Few cities bear the impress of their early history to the same degree as Rome (population 32,092 per 2020 Census). Rome's story begins in the 1750s at the site of a Native American "carry," a place where traveling Iroquois had to portage their canoes on what was an otherwise almost-continuous water route connecting Lake Ontario to the Mohawk River. The British built fortifications there beginning in the 1750s.
Founded in 1758, Fort Stanwix was named for British general John Stanwix. It would be the first of several fortifications to bear the name. By 1768, the fort was already decaying when it hosted a treaty conference. The resulting Treaty of Fort Stanwix defined broad areas that would remain under Native American control, though it was quickly violated. Soon afterward, the fort was abandoned.
In 1776, Colonial troops built a new fort on the site. They called it Fort Schuyler, though the name never stuck; locals continued referring to it as Fort Stanwix. In August 1777, the fort was famously besieged. The Colonial commander successfully held out, setting the stage for key victories over the British at the Battles of Oriskany and Ticonderoga.

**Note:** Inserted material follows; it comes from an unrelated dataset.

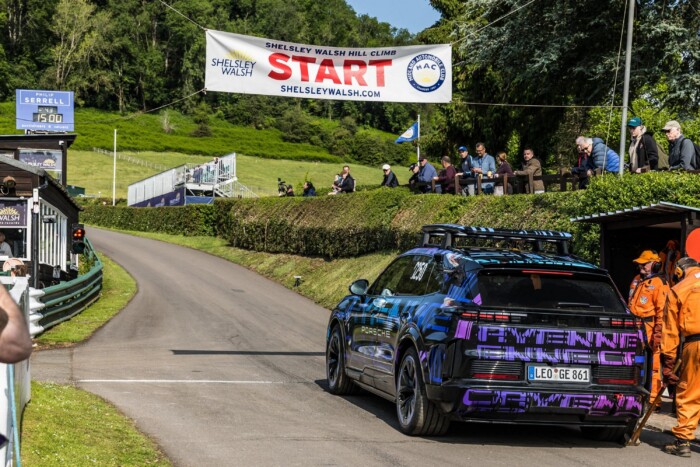 Brutális képességeket ígér a következő nagy Porsche 8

In 1779, the Sullivan Expedition was launched from Fort Stanwix. This punitive campaign, ordered by George Washington and commanded by Major General John Sullivan, targeted Native American tribes that had aided the British. The expedition burned numerous villages and destroyed tribal food stores before the onset of winter, causing immense death and suffering. Many veterans of the expedition became early white settlers of the frontier regions they had marched through—and had helped to depopulate.
On May 13, 1781, Fort Stanwix burned down and was not rebuilt. Pioneers moving into the area harvested materials to build their houses and barns.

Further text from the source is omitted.